- Beth Ann Tabak
Four signs you might be a victim of tax-related identity theft
Ahhh, Tax Season. The magical time of year that turns legions of Americans into procrastinators and provides countless sleepless nights for tax professionals. It’s also prime time to find out you might be the victim of identity theft.
Though the Federal Trade Commission (FTC) has reported a decline in confirmed tax-related identity theft, it’s still the second most common form. Here are some signs that you might be a victim:
- Your e-file is rejected. First, because anyone can make a mistake, review your filing – specifically your social security number - to make sure it’s accurate. If you have children of tax-paying age in college, check with them to make sure they didn’t already file and claim themselves. If everything is correct, the IRS states that you should complete your tax return as a paper filing; complete Form 14039, Identity Theft Affidavit; attach it to your paper tax return; and mail all of it to the IRS.

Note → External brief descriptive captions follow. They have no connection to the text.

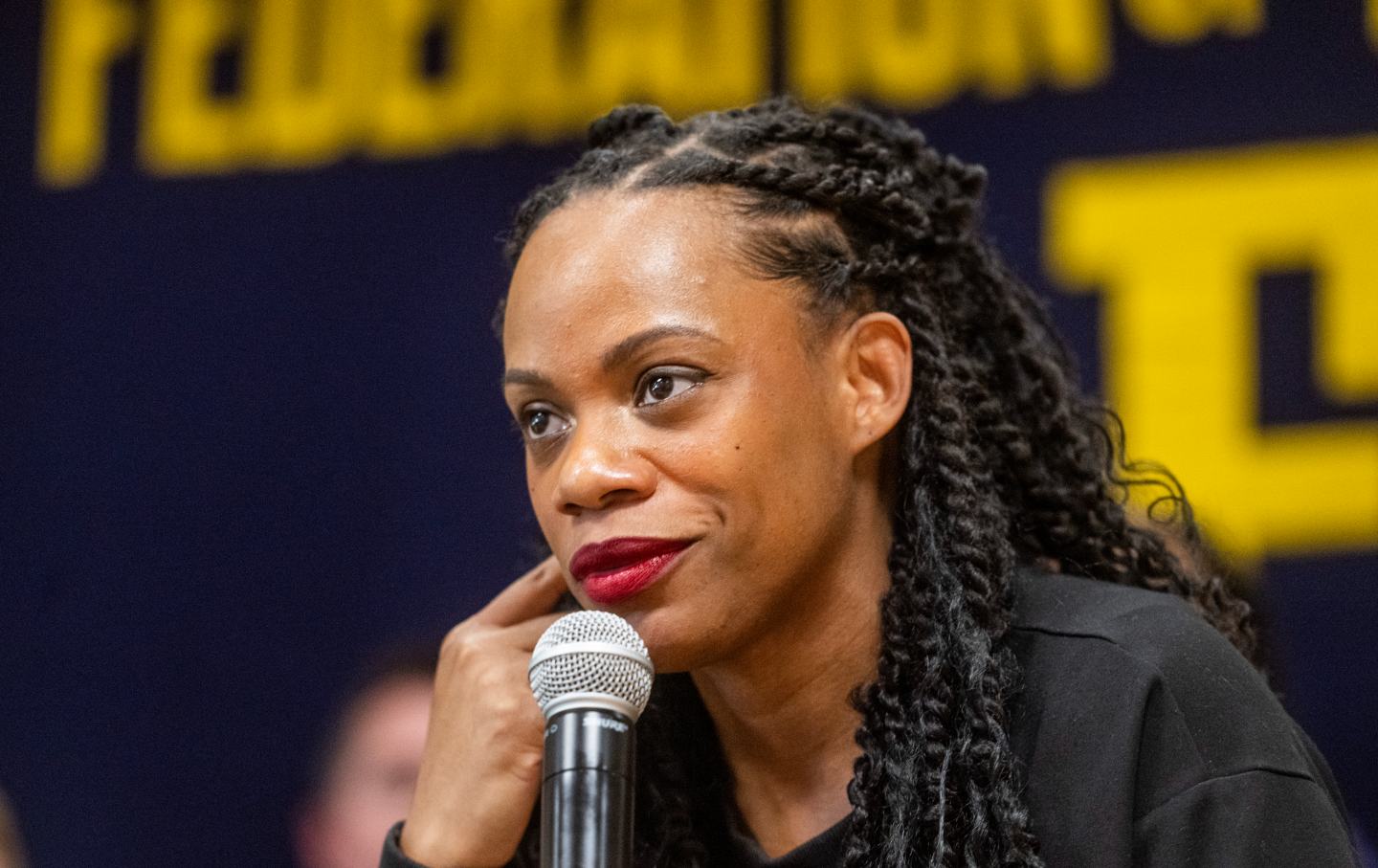 Representative Summer Lee, D-Pa., speaks during a rally in Pittsburgh, Pa., on April 21, 2024.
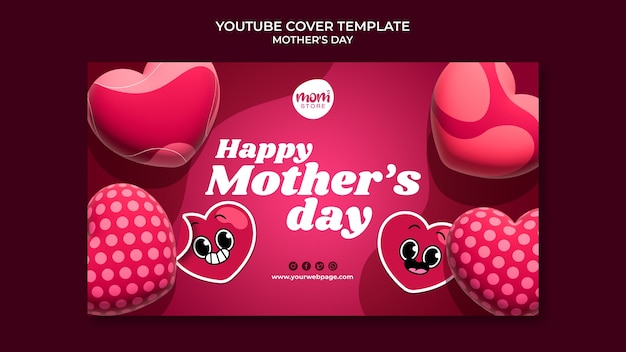 PSD gratuito portada de youtube realista del día de la madre.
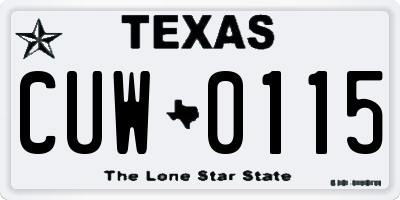 TX license plate CUW0115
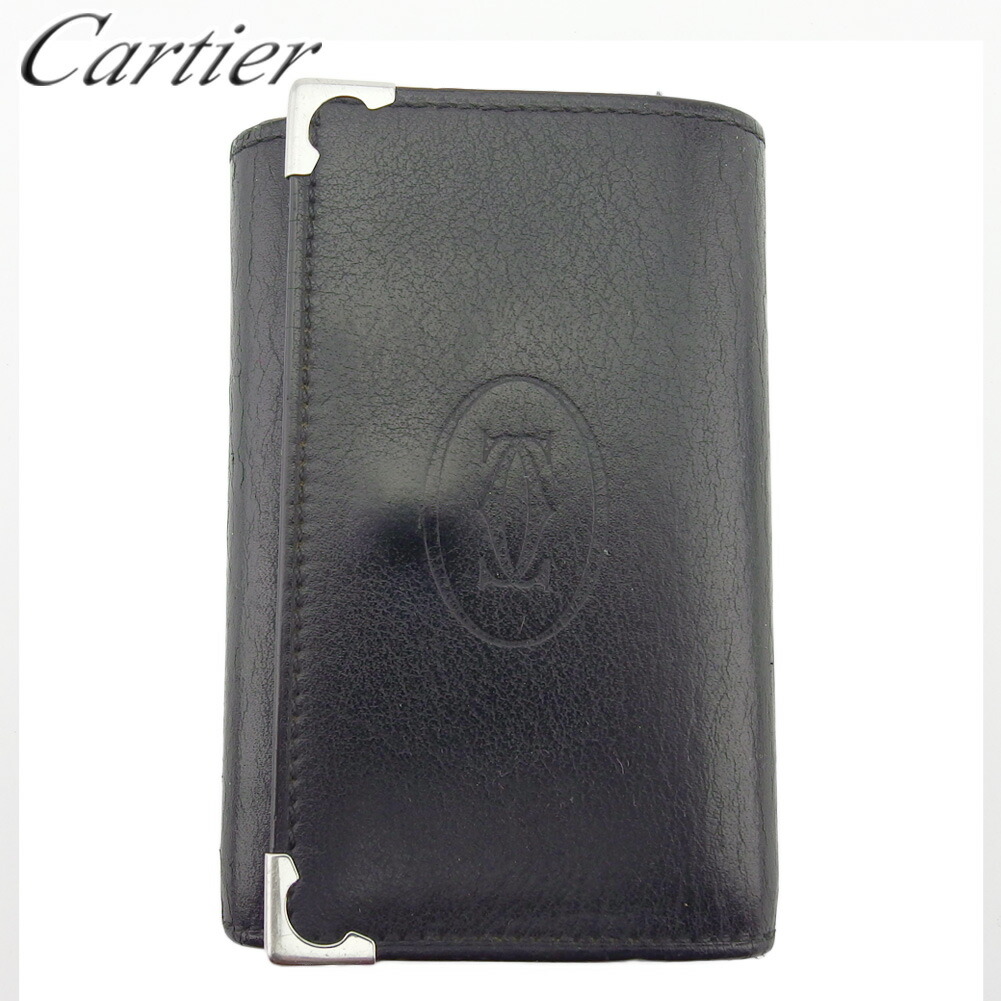 【月入り替わり大売り出し★29％OFF引き換え証】カルティエ CARTIER 足懸かり入れもの カボション 紙入れ付き添い人 黒いこと しろがね色 ボルドーワイン レディース 中古 ブランド名 御機嫌ブランド名 ヴィンテージ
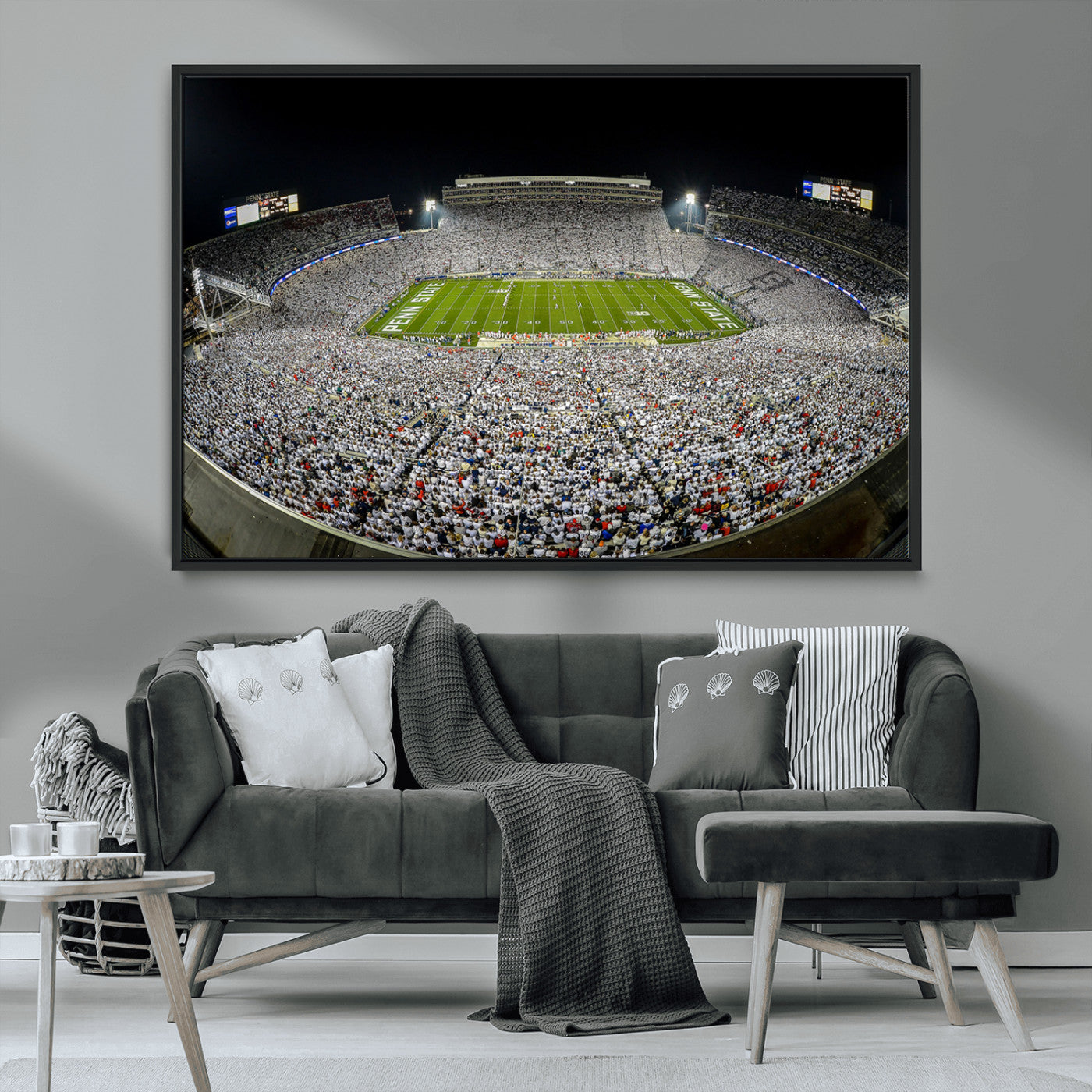 MGV-FC-36X24 - Beaver Stadium Night Game Triple Canvas Wall Art - Penn State Nittany Lions Football Match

- You’re asked by the IRS to verify your tax return. The IRS holds suspicious tax returns for verification. You will receive a letter in the mail asking you to confirm that you filed with your name and social security number. If you haven’t filed yet, follow the instructions in the letter ASAP. The IRS does not contact taxpayers electronically for personal information, including via email, text messaging or social media, nor do they call taxpayers threatening lawsuits or arrests. Receiving such communication is another indicator that a fraudster is looking for information.
- You receive information from an employer that isn’t – and never was – yours. This happens when an identity thief uses your social security number and a false employer for whom you’ve never worked in an attempt to collect your tax return. It can often mean that the identity thief has had your personal information for quite some time.
- You’ve received a refund in your name that was not due to you. Whether received electronically, as a paper check via mail, or as a reloadable, pre-paid debit card, these funds must be returned. The IRS has specific instructions for returning the refund.
As with any time you suspect that you are an identity theft victim, report it to the FTC at www.identitytheft.gov, contact the three major credit bureaus to place a fraud alert or credit freeze on your accounts, and close any accounts that were not opened by you. You must also continue to file your tax return.
While filing your tax return early will keep identity thieves from taking your tax refund, it doesn’t mean you’re immune to identity theft. Thieves need just a bit of personal information to steal your identity. Remember to follow some security best practices to help safeguard your information.